-- DIRECTIONS --
Without the images, write out the entries word for word.

Pictures with short captions:
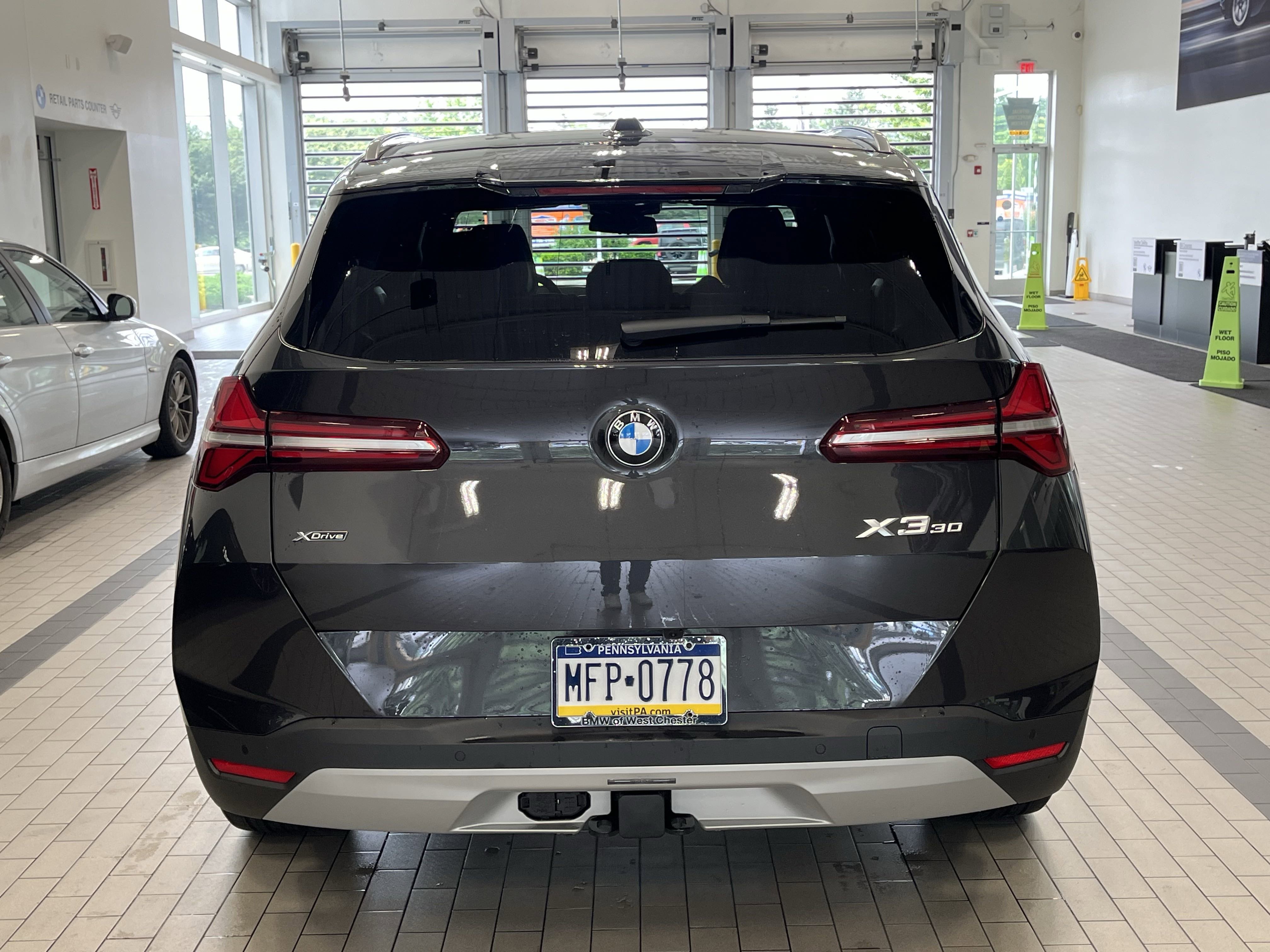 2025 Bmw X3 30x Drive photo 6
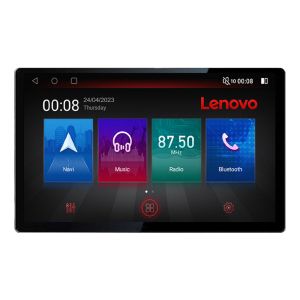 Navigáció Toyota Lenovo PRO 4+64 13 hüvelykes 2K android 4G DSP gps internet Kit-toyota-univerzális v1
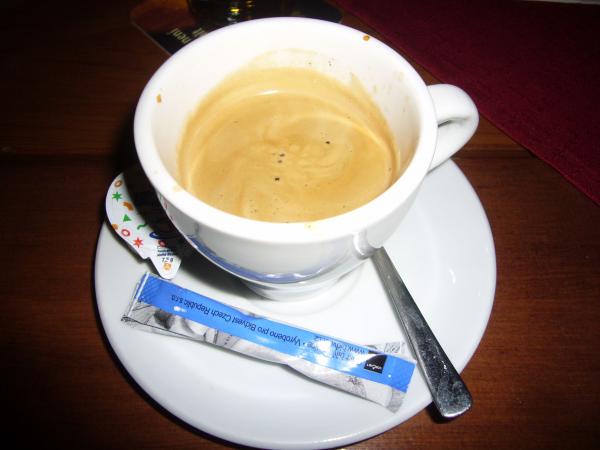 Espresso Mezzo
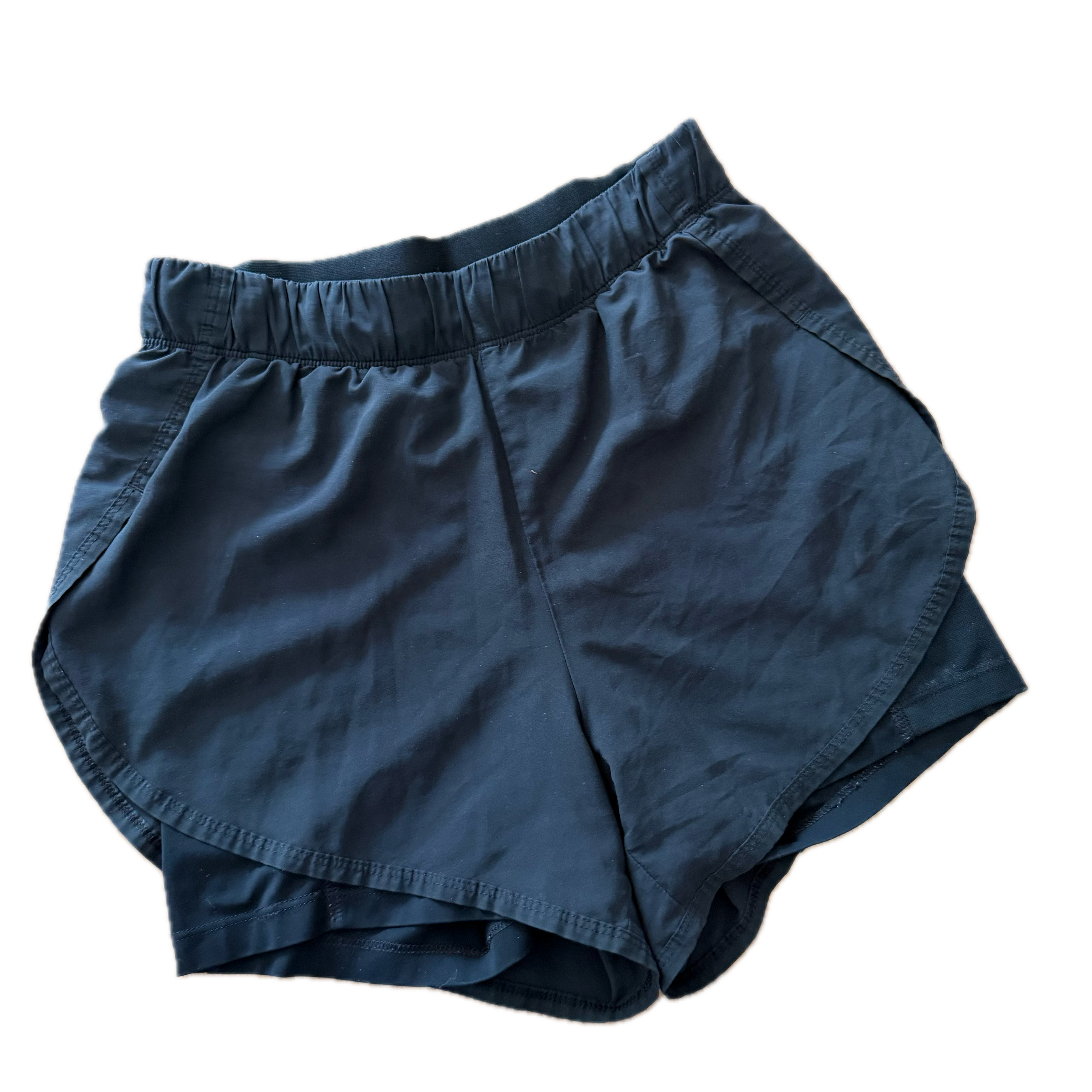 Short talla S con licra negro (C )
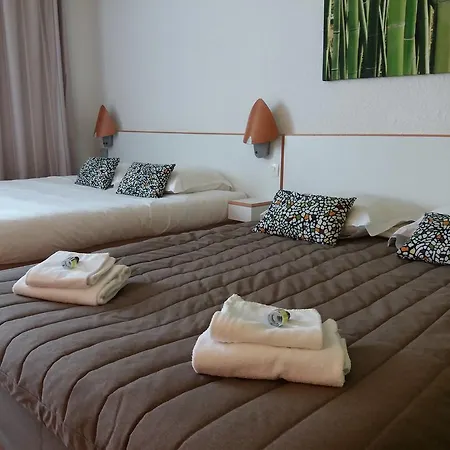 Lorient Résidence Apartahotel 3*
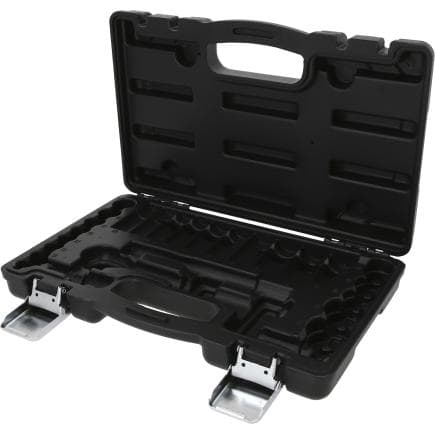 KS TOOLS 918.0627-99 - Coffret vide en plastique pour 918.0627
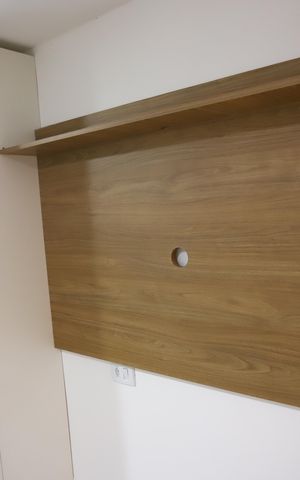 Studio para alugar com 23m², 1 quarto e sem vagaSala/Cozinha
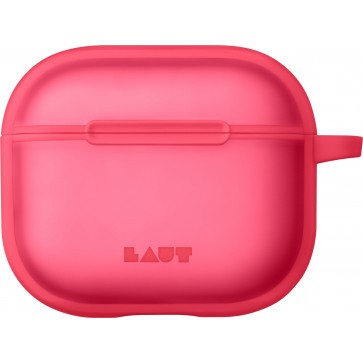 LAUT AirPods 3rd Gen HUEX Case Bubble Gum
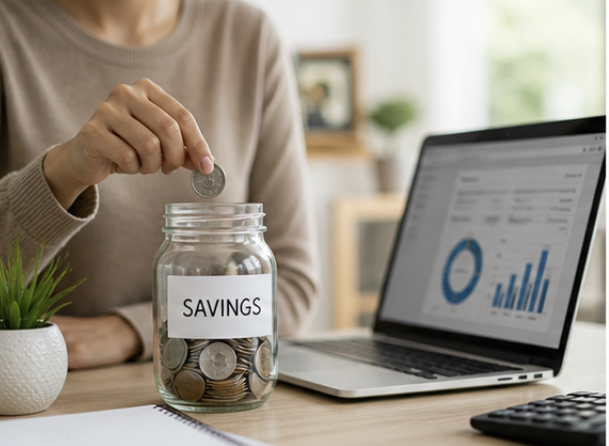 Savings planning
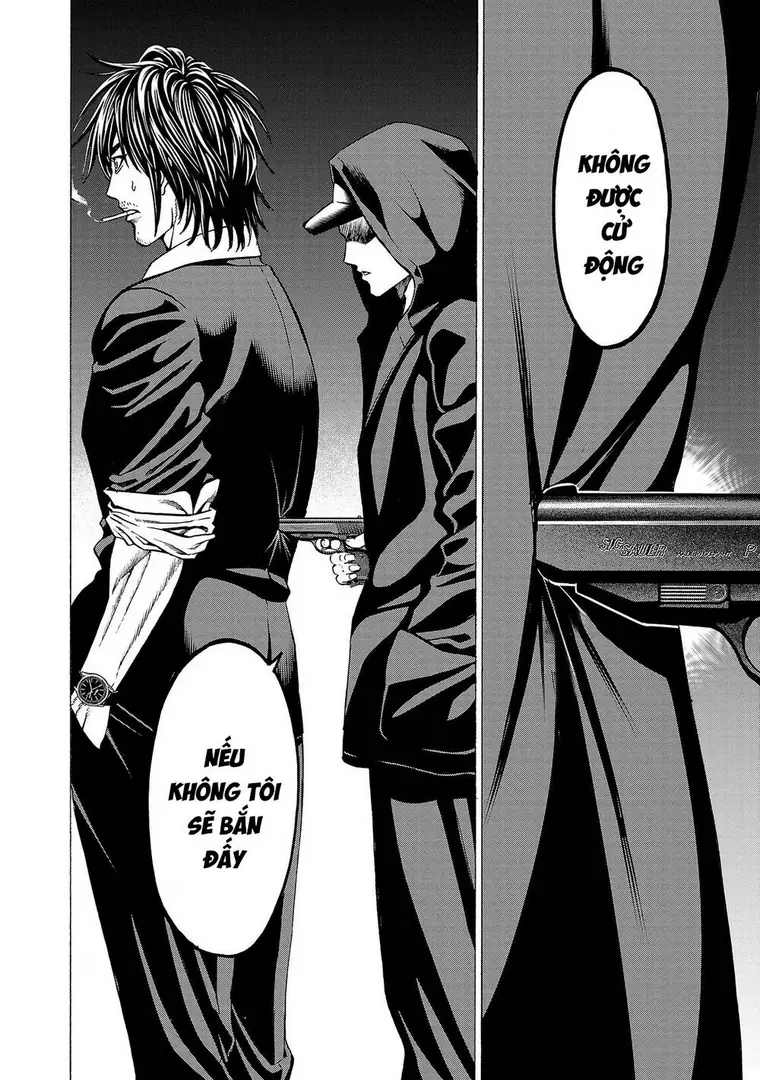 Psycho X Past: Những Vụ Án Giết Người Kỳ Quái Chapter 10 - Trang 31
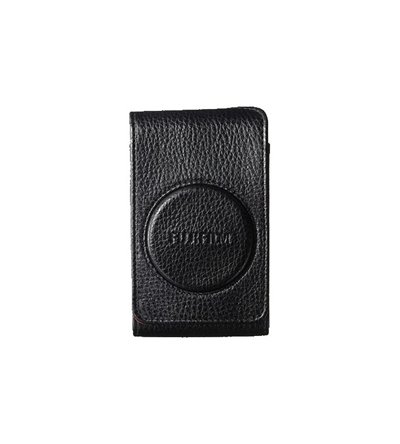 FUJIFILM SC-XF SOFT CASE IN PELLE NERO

-- SOLUTION FOR THIS PROBLEM --
 2025 Bmw X3 30x Drive photo 6
 Navigáció Toyota Lenovo PRO 4+64 13 hüvelykes 2K android 4G DSP gps internet Kit-toyota-univerzális v1
 Espresso Mezzo
 Short talla S con licra negro (C )
 Lorient Résidence Apartahotel 3*
 KS TOOLS 918.0627-99 - Coffret vide en plastique pour 918.0627
 Studio para alugar com 23m², 1 quarto e sem vagaSala/Cozinha
 LAUT AirPods 3rd Gen HUEX Case Bubble Gum
 Savings planning
 Psycho X Past: Những Vụ Án Giết Người Kỳ Quái Chapter 10 - Trang 31
 FUJIFILM SC-XF SOFT CASE IN PELLE NERO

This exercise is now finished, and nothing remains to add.